The problem. Once you find the line containing "White Drop round" in the data below, copy it and each following line exactly, up to and including the line containing "Boaters took to", and nothing else.

Web page caption snippets.
* * * * * * * * *

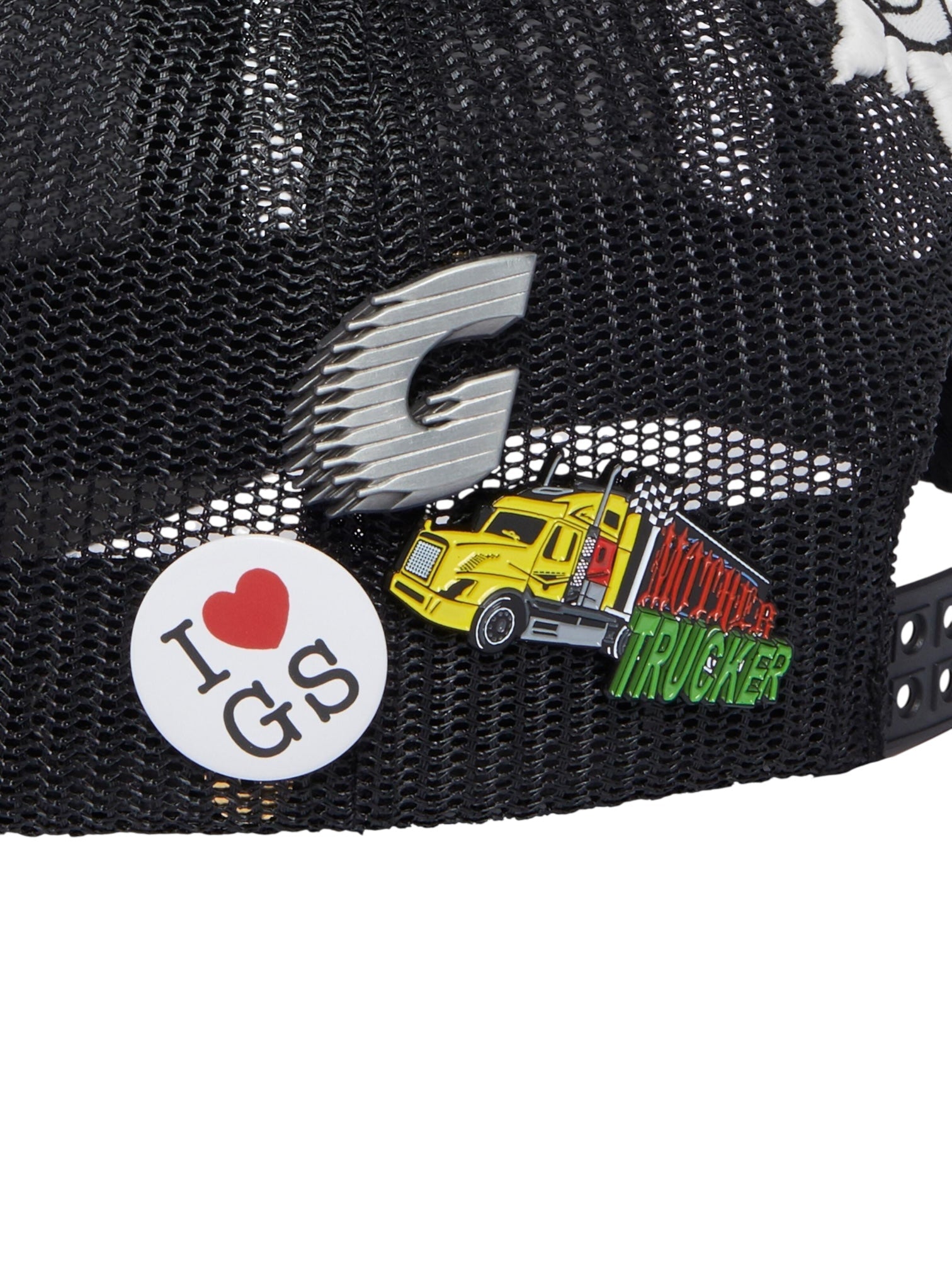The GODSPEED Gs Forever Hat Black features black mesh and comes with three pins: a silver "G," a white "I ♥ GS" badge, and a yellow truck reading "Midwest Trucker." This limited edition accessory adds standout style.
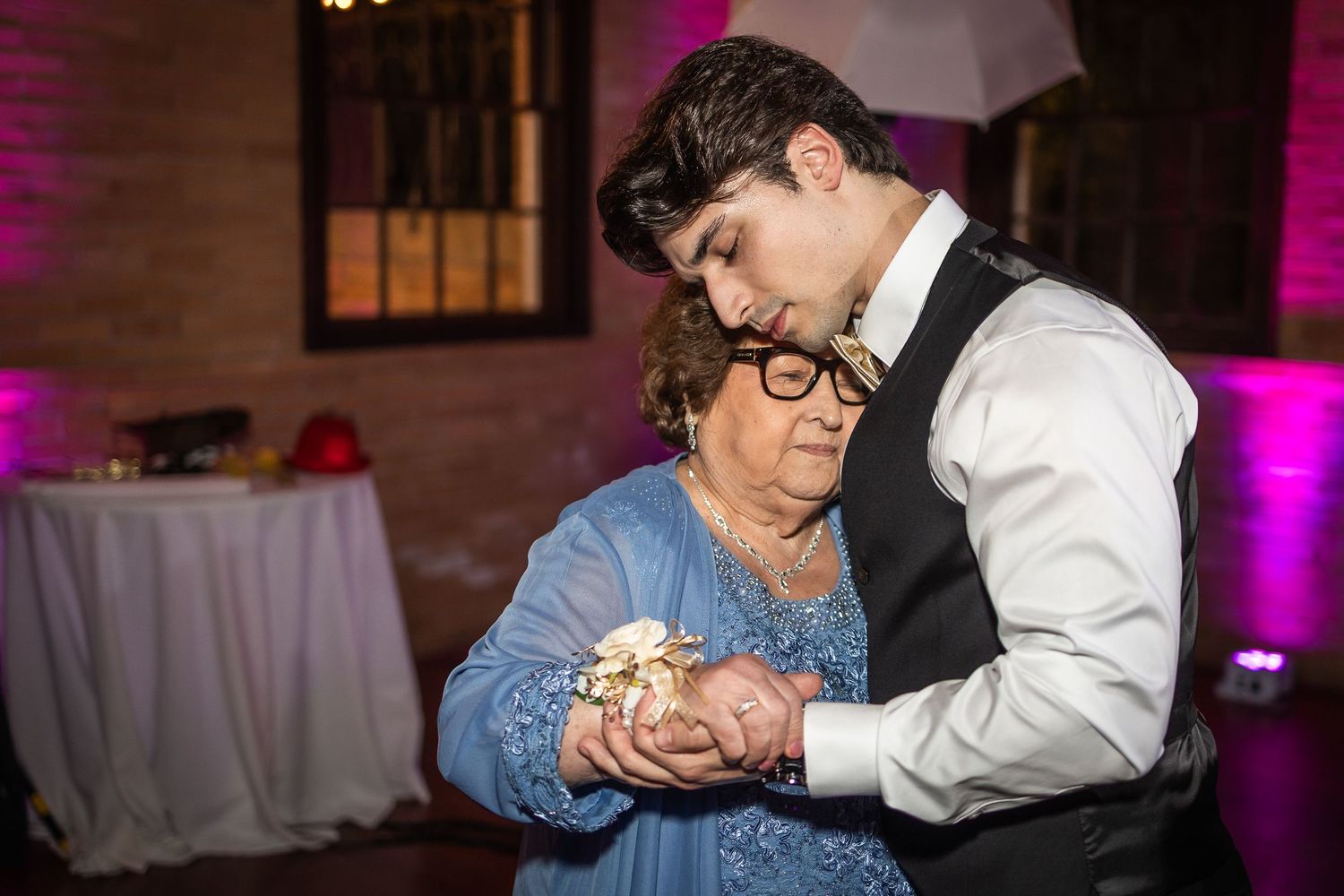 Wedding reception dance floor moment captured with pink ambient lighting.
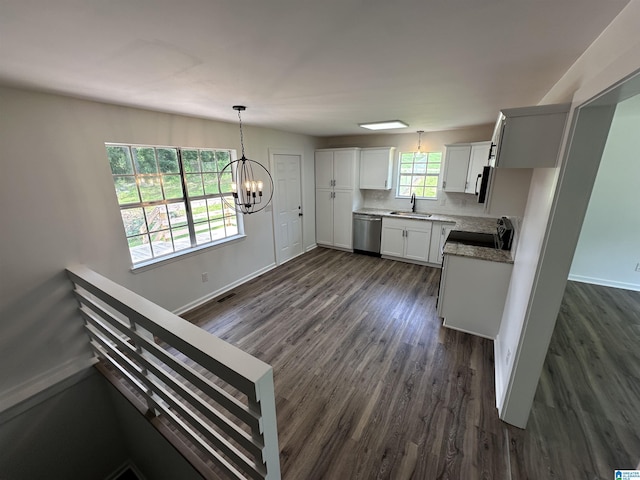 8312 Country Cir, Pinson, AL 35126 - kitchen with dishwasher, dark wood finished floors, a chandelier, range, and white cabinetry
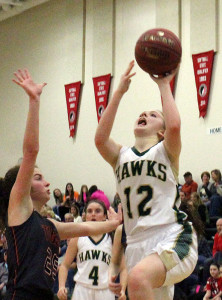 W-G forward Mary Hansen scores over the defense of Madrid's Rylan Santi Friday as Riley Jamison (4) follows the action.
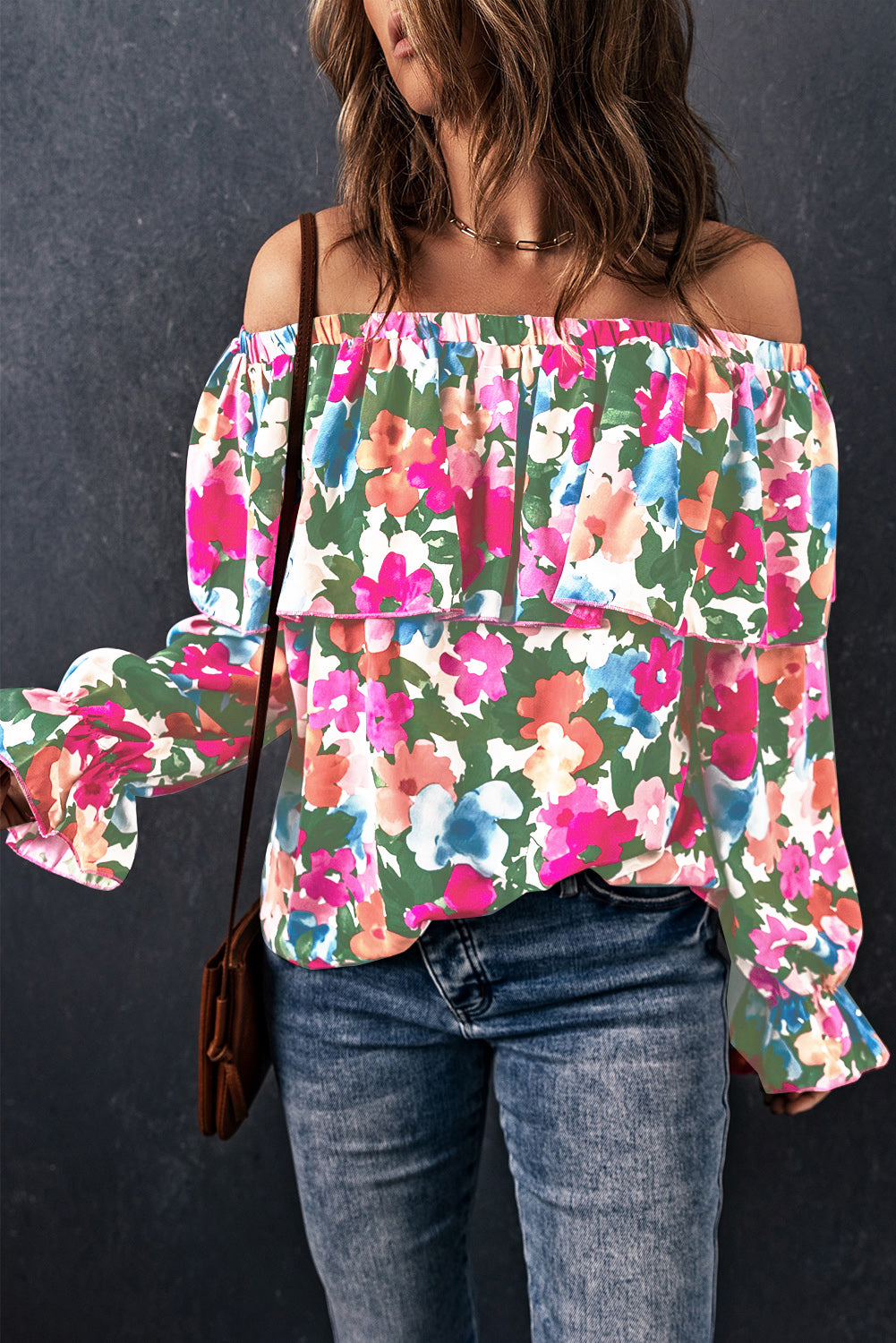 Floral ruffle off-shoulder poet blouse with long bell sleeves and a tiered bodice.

* * * * * * * * *

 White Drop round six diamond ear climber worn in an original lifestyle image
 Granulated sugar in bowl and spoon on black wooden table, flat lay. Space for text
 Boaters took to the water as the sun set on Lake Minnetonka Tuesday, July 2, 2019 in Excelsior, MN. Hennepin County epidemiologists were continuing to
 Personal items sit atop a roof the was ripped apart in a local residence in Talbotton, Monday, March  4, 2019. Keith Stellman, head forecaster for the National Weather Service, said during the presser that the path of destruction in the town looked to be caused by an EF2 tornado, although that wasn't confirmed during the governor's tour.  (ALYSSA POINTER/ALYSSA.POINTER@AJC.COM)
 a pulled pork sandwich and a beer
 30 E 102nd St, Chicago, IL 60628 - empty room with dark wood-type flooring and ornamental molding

* * * * * * * * *

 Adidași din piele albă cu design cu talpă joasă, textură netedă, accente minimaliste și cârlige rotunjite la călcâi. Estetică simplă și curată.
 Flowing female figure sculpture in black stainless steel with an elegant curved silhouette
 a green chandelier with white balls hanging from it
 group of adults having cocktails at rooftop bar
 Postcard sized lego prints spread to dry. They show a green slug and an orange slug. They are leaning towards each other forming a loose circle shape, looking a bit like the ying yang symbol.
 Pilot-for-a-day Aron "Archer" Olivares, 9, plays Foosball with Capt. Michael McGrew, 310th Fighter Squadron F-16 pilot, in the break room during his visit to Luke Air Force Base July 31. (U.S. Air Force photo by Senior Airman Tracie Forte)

* * * * * * * * *

Finished task.
 White Drop round six diamond ear climber worn in an original lifestyle image
 Granulated sugar in bowl and spoon on black wooden table, flat lay. Space for text
 Boaters took to the water as the sun set on Lake Minnetonka Tuesday, July 2, 2019 in Excelsior, MN. Hennepin County epidemiologists were continuing to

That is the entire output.